| HN Mirror

Y	Hacker News new \| ask \| show \| jobs

by haadcode 2292 days ago

almost! :) let me elaborate on few points.

> you have to reference all of the current concurrent root nodes of the data structure, in effect becoming the new single root node

correct, and more precisely the union of heads is the current "single root node". in practise, and this is where the merge strategy comes in, the "latest value" is the value of the event that is "last" (as per LWW sorting).

> and your event data, which must be a CRDT, gets merged with the CRDTs of those root nodes.

the event data itself doesn't have to be a CRDT, can be any data structure. the "root nodes" (meaning the heads of the log) don't get merged with the "event data" (assuming you mean the database/model layer on top of the log), the merge strategy of the log picks the "last/latest event data" to be the latest value of your data structure.

> It's time to write a new value, so I create a new tuple with references to 4 and 6, and merge their CRDT values.

when a new value is written, correct that the references to 4 and 6 are stored, but the new value doesn't merge the values of the previous events and rather, it's a new value of its own. it may replace the value from one or both of the previous events, but that depends on the data model (layer up from the log).

  1 --> 2 --> 3 --> 4 
         `--> 5 --> 6

> Last Writer Wins, right? So either 4 or 6 dominates the other. Whoever was in the other causal history just... lost their writes?

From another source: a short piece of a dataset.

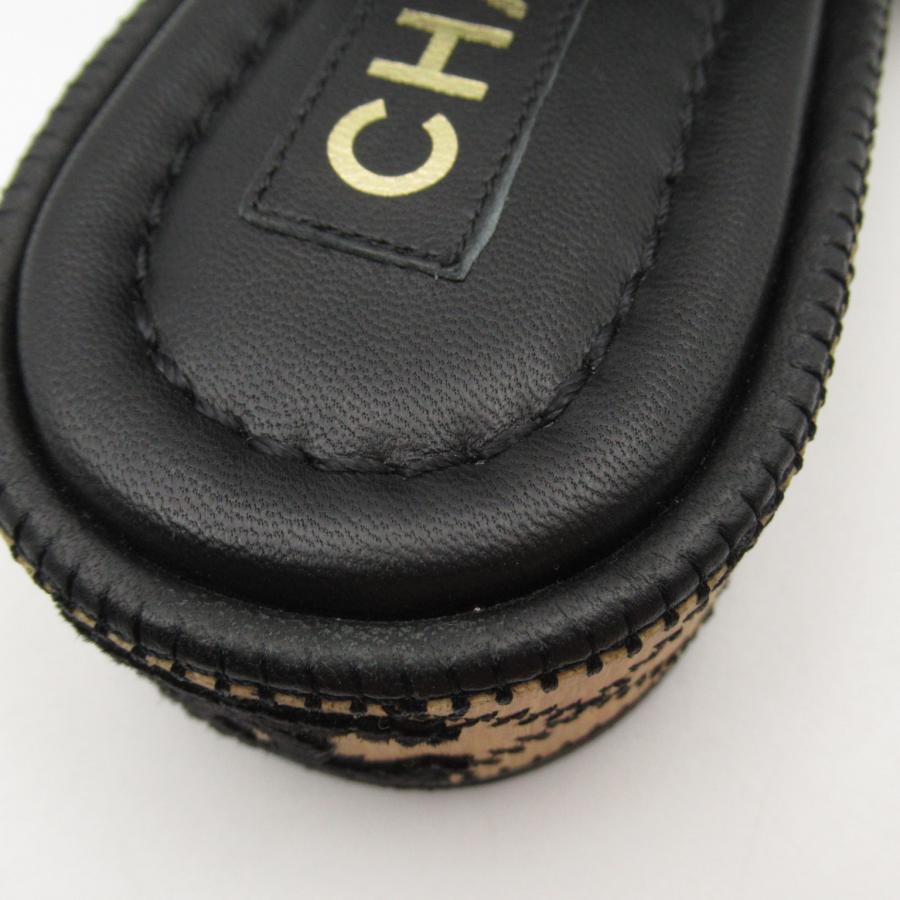 CHANEL シャネル サンダル ファー ブラック系 その他 中古 CHANEL シャネル サンダル ファー ブラック系 その他 中古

no writes are lost. the result in your example depends what 4 and 6 refer to. in a log database, the ordered log would be eg. 1<-2<-3<-5<-4<-6, so all values are preserved. in the case of a key-value store, it could be that 4 is a set operation to key a and 6 is a set operation to key b, thus the writes don't effect each other. if 4 and 6 are both a set operation on key a, it would mean that key a would have the value from 6 and the next write to key a would overwrite the value in a. makes sense?

1 comments

sagichmal 2292 days ago

> in a log database, the ordered log would be eg. 1<-2<-3<-5<-4<-6

How do you know that? It's not inferrable from the DAG. Is sequencing also provided "a layer up"?

> if 4 and 6 are both a set operation on key a, it would mean that key a would have the value from 6 and the next write to key a would overwrite the value in a.

Yes, I mean for all of my events to be reads and writes of the same key. And you've proven my point, I think: if the resolution of this causal tree is Last-Writer-Wins, 6-domiantes-4, and "key a [gets] the value from 6", then whichever poor user was operating on the 3-4 causal branch has lost their writes.

This is a problem! If you claim to be a CRDT and offline-first or whatever, then as a user, I expect that the operations I make while I'm disconnected aren't just going to be destroyed when I reconnect, because someone else happened to be using a computer with a lexicographically superior hostname (or however you derive your vector clocks).

And if you want to say something like, well, when the unlucky user reconnects and sees that their work has been overwritten, they can just look in the causal history, extract their edits, and re-apply them to the new root -- there's no reason for any of this complex machinery! You don't need CRDTs to just replicate a log of all operations. Of course, you also can't do any meaningful work with such a data structure as a foundation, because it immediately becomes unusably large.

link

pas 2292 days ago

It's inferable from the fact that the writer saw both chains and produced a new node that merges these heads. So that writer "resolves" the conflict - according to whatever strategy it is programmed to use. (It might be as simple as just storing a JSON that says {"conflict": true, "values": [4, 6]} , and the user will have to pick.)

If it's possible to model operations in a commutative way (eg. instead of assigning values to keys one just stores differences), then the conflict resolution is mathematically proven, just apply all operations in whatever order, they're commutative, great. Of course it doesn't help with "real world data", but that's where mathematically we can use and oracle (the user, or whatever linearizer service we choose).

link

haadcode 2292 days ago

> How do you know that? It's not inferrable from the DAG. Is sequencing also provided "a layer up"?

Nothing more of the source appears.